Participation by Alice Brown, Research & Knowledge Exchange Office
This was my very first time on an exciting International Staff Training Week, hosted by Kristianstad University in Sweden. The 4 day training programme from 8 to 11 May 2017 was divided into Groups reflecting the professional service areas of: (A) Student Services, (B) Library, (C) Information Technology, (D) Finance and (E) Research & Innovation. The Week was attended by 40 participants from Universities all over Europe (Germany, Spain, Portugal, France, Romania, Poland, Hungary, Czech Republic, Turkey), of which three, besides for myself, were from the UK (Durham, Staffordshire).

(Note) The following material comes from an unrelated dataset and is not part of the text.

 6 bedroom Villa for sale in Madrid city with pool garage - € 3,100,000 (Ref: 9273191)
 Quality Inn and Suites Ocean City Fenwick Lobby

On the first day, the Host via their International Office’s staff introduced themselves to the cohort, including the history of Kristianstad as formerly a military town with the University grounds and buildings being infantry premises. The Host was a young University, initially offering nursing and teaching courses, but has now expanded to offer many more, such as agriculture, food sciences and engineering.

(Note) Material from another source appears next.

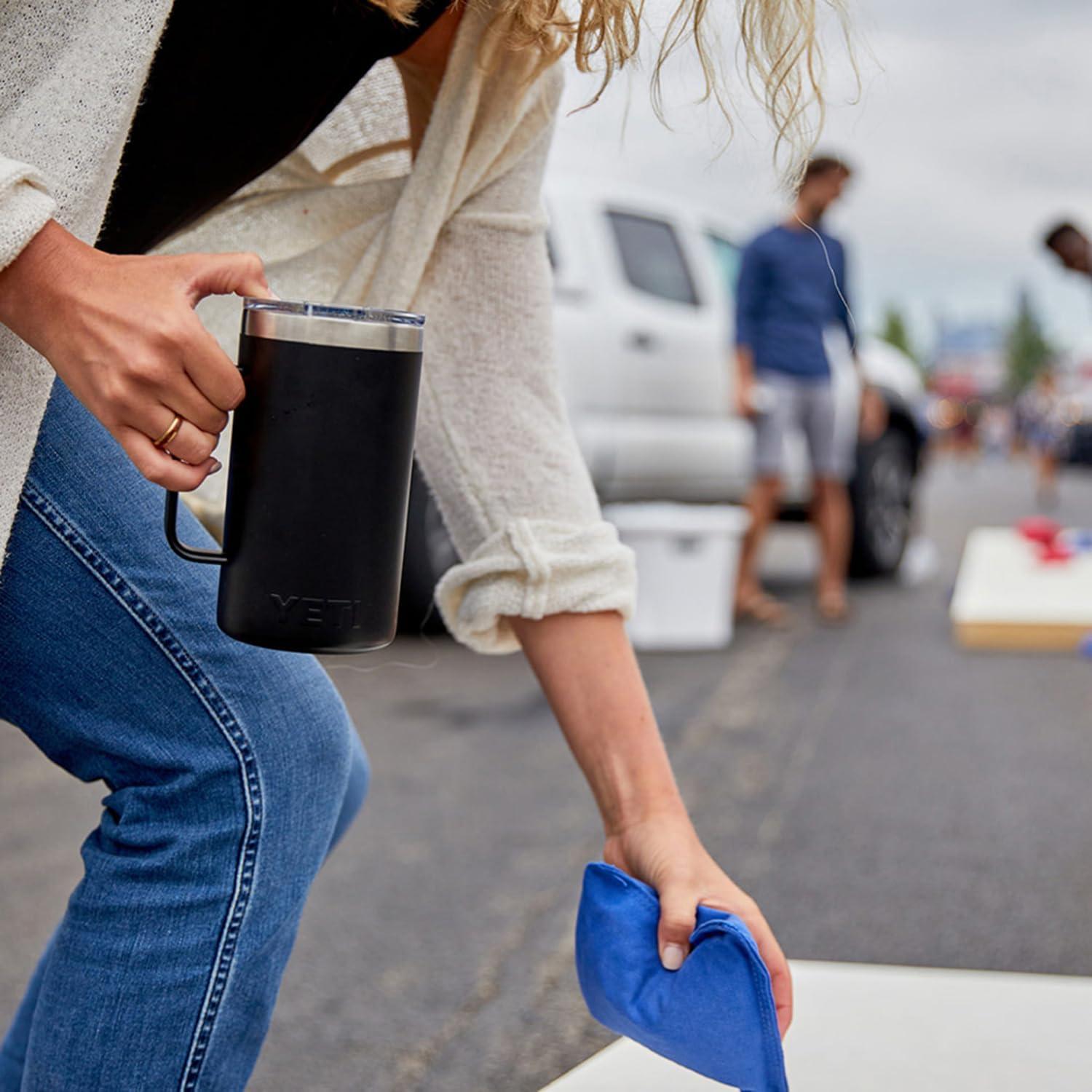 Taza Aislada al Vacío YETI 24 oz Taupe Cabo con Tapa MagSlider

It has this year become the most popular University for school-leavers in Sweden. After this introduction, the Host’s Vice-Chancellor welcomed us. We were given brief introductions of all participants, elements of Swedish culture such as a fikka (coffee/tea break with snacks, usually delectable Scandinavian pastries), a campus tour and then a tour of the town.

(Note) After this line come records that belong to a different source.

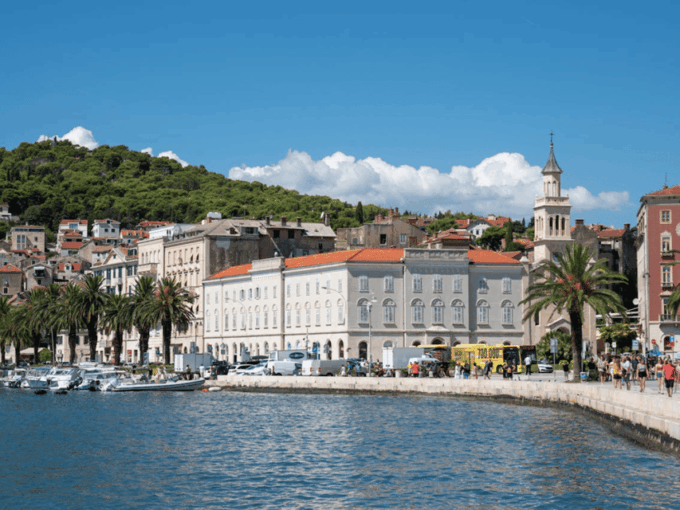 Explore Split a Self-Guided Audio Tour in English - Peristyle and Cathedral of Saint Domnius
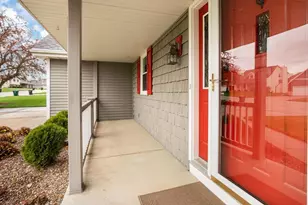 3156 Molly Brown Ln, Green Bay, WI 54313 - Photo 4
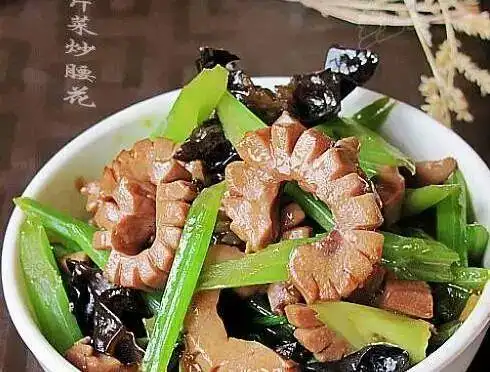 3芹菜炒腰花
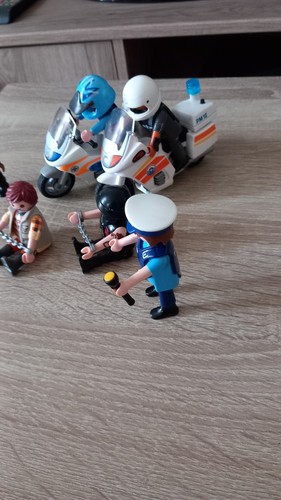Motard policier playmobil - motard,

On the second and third days, we split into our Groups. I was in Group E – the Research & Innovation Group, which had 9 participants, of which 3 officers were from the Host and the others were from Universities in Germany, Romania, Portugal, Turkey and the UK (Durham). We all gave presentations about our Universities and engaged in intensive workshops about the issues, challenges and possible solutions to engage students and academics in research/innovation.
We were taken on excursions to visit the Kristianstad Krinova Incubator Science Park and two knowledge exchange business projects – an innovative Swedish fusion food restaurant, Sotnosen’s and a sustainable aquaculture farm, Gardsfisk. We attended a one hour crash course in Swedish and emerged feeling we could say the common niceties like “hej” (hello) and “tak” (thank you).
The Host invited the cohort to a welcome lunch at Metropol, their campus food hall on the first day and a finger-food lunch prepared by their international students on the second day. At this lunch, I discovered my new-found Swedish favourite – the smogastarte and a traditional sweet – the Spettekaka. We were all taken out by the Host to a smorgasboard dinner at Aptit, a restaurant in town that second evening when we had sparkling conversations about Swedish arts and culture.
On the fourth day, we gathered back as a cohort and had a wrap-up session on what each Group had learned and what we would take back to our respective Universities. We exchanged contacts and raised ideas of possible future collaborations. I had a great experience meeting new people working in similar professional service areas and engaging in Swedish culture and history.
I will be taking back a few practice ideas that will continue to feed into Bournemouth University’s internationalisation and innovative partnerships journey.